We did not find any significant impact on investment incentives. This can partly be explained because we did not model investments into hydropower assets, which are the largest participants of the energy reserve and receive most of the additional revenue. However, the investments in domestic renewables or natural gas are not impacted, nor is the reliance on imports in the winter period reduced. This shows that the policy does not contribute to long-term security of supply and does not contribute to solving the structural problem of winter import dependency. This further supports the conclusion that a strategic energy reserve should only be considered a short-term solution. Future research on strategic energy reserves should look at cross-border investment and spillover effects in more detail and evaluate the effectiveness of a strategic energy reserve when conditional on a short-term generation adequacy assessment.
Footnotes
Declaration of Conflicting Interests
The author(s) declared no potential conflicts of interest with respect to the research, authorship, and/or publication of this article.
Funding
The author(s) received no financial support for the research, authorship, and/or publication of this article.
Notes
Appendix 1
Assumptions and conditions of initial supply mix.

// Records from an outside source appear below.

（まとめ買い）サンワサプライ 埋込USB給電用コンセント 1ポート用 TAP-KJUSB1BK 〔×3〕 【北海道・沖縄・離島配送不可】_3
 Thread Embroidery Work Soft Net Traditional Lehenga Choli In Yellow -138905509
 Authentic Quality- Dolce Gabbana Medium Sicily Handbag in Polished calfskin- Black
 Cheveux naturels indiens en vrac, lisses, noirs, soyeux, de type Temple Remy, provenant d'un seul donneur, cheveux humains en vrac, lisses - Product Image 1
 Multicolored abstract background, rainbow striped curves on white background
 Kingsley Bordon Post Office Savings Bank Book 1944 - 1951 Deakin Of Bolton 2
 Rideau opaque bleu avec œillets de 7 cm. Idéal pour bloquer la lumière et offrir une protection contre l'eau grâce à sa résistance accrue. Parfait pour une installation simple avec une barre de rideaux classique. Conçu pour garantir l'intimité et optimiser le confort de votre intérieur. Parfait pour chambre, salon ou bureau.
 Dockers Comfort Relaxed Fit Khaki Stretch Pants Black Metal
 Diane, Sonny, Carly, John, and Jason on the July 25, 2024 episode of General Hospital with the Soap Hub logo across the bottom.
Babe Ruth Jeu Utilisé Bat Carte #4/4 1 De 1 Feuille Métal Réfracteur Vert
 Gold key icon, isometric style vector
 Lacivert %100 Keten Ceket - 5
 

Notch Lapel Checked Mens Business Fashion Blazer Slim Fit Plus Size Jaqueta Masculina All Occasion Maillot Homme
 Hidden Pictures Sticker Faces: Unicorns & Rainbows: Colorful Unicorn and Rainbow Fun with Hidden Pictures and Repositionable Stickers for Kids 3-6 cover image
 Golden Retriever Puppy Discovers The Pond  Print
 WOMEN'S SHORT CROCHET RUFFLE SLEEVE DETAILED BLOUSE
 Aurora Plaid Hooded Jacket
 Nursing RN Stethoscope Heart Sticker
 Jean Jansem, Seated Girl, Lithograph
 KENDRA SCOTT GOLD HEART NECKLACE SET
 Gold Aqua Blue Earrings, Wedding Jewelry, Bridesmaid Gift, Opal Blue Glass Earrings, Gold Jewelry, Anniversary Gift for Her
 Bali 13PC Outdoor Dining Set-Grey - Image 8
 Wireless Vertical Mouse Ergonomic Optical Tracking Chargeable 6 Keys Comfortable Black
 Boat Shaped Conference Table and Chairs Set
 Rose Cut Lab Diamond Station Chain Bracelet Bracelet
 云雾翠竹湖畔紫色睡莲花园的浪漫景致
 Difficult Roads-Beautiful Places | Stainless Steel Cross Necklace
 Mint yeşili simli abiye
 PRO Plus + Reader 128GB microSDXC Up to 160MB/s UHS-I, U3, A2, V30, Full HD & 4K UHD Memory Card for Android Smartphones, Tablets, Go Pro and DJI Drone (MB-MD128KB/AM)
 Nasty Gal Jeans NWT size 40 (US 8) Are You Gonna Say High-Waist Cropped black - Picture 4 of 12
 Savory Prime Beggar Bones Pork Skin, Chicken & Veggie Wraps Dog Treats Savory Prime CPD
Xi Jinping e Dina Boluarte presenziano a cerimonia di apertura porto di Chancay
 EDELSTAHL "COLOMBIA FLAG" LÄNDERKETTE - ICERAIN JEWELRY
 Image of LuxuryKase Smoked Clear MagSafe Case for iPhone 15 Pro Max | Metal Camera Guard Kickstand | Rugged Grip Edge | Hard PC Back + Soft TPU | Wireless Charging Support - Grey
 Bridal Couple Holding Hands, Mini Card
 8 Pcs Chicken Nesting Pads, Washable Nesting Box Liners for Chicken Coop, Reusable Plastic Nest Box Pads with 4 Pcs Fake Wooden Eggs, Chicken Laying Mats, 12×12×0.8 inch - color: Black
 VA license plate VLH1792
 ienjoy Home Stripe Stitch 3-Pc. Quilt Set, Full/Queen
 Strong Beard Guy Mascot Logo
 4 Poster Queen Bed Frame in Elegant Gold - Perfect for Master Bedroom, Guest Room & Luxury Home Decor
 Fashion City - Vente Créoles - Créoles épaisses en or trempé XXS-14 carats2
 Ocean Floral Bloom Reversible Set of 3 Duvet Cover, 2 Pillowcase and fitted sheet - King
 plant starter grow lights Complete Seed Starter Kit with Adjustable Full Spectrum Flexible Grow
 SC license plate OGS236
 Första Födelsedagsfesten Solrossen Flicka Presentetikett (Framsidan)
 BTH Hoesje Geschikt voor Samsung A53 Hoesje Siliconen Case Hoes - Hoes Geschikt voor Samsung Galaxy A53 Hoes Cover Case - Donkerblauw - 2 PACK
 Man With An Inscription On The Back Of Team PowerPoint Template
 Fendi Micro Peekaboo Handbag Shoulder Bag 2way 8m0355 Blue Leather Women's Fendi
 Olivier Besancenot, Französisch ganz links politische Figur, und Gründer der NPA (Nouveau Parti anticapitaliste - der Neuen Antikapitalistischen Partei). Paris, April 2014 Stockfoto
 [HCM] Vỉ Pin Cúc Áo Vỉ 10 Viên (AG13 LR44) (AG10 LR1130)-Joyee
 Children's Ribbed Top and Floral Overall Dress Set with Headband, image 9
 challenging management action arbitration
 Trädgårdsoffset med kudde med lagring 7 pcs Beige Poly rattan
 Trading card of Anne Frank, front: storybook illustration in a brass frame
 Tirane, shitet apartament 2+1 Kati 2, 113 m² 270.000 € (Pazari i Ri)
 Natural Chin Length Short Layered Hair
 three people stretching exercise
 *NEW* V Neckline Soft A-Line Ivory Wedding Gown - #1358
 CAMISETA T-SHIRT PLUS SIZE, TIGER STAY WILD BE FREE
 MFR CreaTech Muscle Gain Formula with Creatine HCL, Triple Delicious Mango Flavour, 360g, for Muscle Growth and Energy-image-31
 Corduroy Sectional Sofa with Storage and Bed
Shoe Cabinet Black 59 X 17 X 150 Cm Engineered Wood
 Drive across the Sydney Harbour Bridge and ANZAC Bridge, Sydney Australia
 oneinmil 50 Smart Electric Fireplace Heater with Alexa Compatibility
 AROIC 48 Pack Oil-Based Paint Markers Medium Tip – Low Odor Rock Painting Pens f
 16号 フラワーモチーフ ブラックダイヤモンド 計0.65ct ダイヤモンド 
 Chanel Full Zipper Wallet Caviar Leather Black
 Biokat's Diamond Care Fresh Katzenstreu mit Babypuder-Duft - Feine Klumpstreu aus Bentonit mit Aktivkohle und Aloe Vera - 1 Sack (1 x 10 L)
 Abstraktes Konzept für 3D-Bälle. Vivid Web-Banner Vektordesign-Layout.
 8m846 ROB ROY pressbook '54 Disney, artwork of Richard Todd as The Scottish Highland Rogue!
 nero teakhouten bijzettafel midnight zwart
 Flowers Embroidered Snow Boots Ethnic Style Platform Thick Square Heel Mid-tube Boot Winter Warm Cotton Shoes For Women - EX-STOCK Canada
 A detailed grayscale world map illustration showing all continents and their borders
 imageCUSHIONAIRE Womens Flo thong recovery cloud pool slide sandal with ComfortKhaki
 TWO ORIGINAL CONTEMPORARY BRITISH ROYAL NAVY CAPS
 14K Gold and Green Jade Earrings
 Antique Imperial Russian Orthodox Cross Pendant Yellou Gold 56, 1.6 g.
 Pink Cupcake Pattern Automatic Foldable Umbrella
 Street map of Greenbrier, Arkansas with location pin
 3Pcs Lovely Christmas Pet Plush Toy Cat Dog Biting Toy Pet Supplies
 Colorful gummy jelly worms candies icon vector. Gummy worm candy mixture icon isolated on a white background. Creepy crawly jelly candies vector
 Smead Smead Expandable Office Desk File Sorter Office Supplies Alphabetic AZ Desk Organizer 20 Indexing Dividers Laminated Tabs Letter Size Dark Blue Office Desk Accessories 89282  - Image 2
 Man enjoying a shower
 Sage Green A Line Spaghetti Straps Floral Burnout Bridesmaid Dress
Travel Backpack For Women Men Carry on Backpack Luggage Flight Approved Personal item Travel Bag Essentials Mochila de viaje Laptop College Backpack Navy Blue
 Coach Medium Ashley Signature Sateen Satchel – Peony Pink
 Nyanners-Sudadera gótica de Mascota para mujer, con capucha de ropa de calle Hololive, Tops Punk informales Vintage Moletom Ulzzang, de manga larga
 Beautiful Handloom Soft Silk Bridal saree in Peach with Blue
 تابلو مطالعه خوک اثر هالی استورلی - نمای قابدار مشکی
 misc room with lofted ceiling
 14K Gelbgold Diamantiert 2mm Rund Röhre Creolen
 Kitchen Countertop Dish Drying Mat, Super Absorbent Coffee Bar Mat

| Capacity (MW) | Storage capacity (GWh) | Operating cost, fixedc ($/kW-year) | Operating costc ($/MWh) | Technical lifetime (year) | Emissions (TC/MWh) | |
|---|---|---|---|---|---|---|
| Nuclear | 3333a | — | 99.2 | 2 | 50 | 0 |
| Reservoir hydro | 9181a | 6668b | 31.1 | 6 | 80 | 0 |
| Pumped hydro | 2938a | 2134b | 31.1 | 6 | 80 | 0 |
| Run-of-river | 3235a | — | 113.2 | 0 | 80 | 0 |
| Waste | 364a | 245d | 109.8 | 5.5 | 80 | 0 |
| Solar | 1394a | — | 14 | 0 | 30 | 0 |
| Wind | 60a | — | 51.3 | 0 | 25 | 0 |
| Other thermale | 177f | — | 10.4 | 2.7 | 55 | 0.343g |
a Source: SFOE (2018c).
b Total of 8800 GWh (SFOE, n.d.) divided between reservoir and pumped hydro based on ratio of installed capacity.
c Source: NREL (2018).
d Assumed as the volume of one week of waste inflow
e Aggregated all remaining conventional thermal (SFOE, 2018c) into single type.
f Derated capacity based on annual production in 2017, to account for limited availability.
g Assumed equal to NGCC gas power plants (NREL, 2018).